SMH: Top companies see charitable giving a win for all

23 June, 2016

Ten ASX companies have been recognised for their charitable giving with up to 65 per cent of employees at some companies donating to charity on a regular basis.

Chief executive of the Australian Charities Fund Jenny Geddes launched an online campaign in June which aims to encourage 1 million employees to donate to charity through workplace giving.

To attract the best talent, people want to work for companies who care and who are socially responsible.

Kathleen McCudden, SEEK

The most recent national data from 2014 shows 156,000 Australians were giving money to charities through workplace initiatives that deduct pre-tax donations from pay packets.

“We have always known that workplace giving is a sensible way to give and support charities,” Ms Geddes said. “We launched the 1 million donors campaign to create an ambitious target for employers.

“If we can get to 1 million donors that will mean $250 million flowing to the charity sector based on an average donation of $200 per workplace-giving donor per year.”

Ms Geddes said the new online platform for the first time allowed employers to benchmark the progress of their workplace-giving programs against other employers across the nation.

The top workplace givers who registered with the online campaign this year include JB Hi-Fi, SEEK, Collins Foods Group, Flight Centre, BHP Billiton and PricewaterhouseCoopers.

Richard Murray, chief executive of JB Hi-Fi and chairman of the Australian Charities Fund’s employer leadership group said his company and its employees had given $10 million to charity since 2008, including $1.6 million this year.

The company matches employee donations dollar for dollar and sponsors nine charities including Redkite, Oxfam, the Fred Hollows Foundation, Song Room  and animal welfare charities.

Kathleen McCudden, human resources director of SEEK, which was ranked second behind JB Hi-Fi in the top 10 ASX givers table, said 57 per cent of her company’s 780 employees were involved in workplace giving.

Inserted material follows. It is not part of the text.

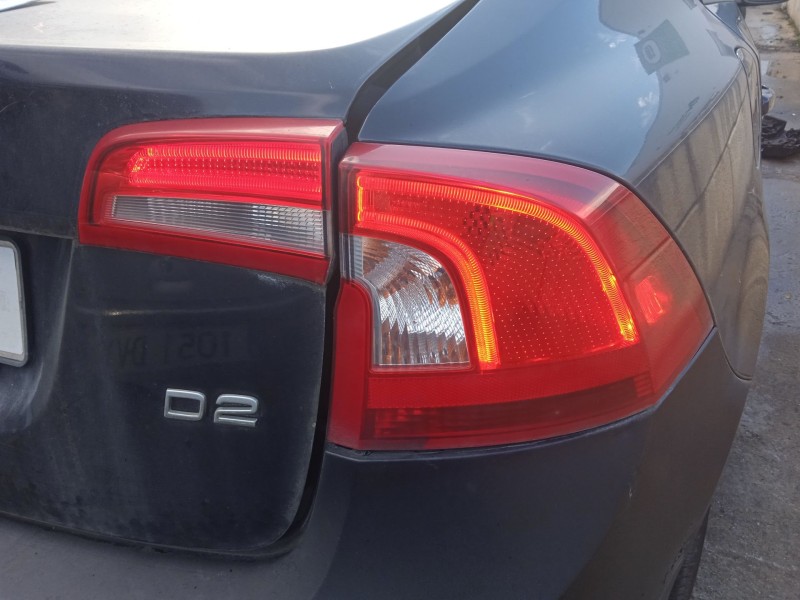 volvo s60 ii (134) del año 2015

“One of our core beliefs is to have a positive impact on society,” she said.

“We really encourage individuals to sign up and do their bit. That is why we’ve been able to drive high participation rates.

“To attract the best talent, people want to work for companies who care and who are socially responsible.”

SEEK supports charities including The Big Issue and Street, The Smith Family and Cathy Freeman Foundation.

Flight Centre Foundation general manager Anita Russell said 30.5 per cent of her company’s 10,000 employees were involved in workplace giving.

“We have always been a company that gives but have done it in an ad hoc way,” she said.

Around $1 million from employees and benefactors will flow through the Flight Centre Foundation to charities. Workplace giving accounts for around $800,000 of the donations which are matched dollar for dollar by the company.

“The buck starts with our guys,” Ms Russell said. “Every dollar they donate through workplace giving is matched dollar for dollar by the company.”

Flight Centre has six charity partners including cancer support for children, Redkite, Youngcare, Bush Heritage Australia, Foodbank, Cambodian Children’s Trust and KCF.

“All of our partners have been chosen with input from our people,” Ms Russell said.

“Workplace giving is a no-brainer. It is a win for people because it is so easy and they know they are having an impact. It is good for the company and it is a win for our charity partners because they have [a consistent flow of money].”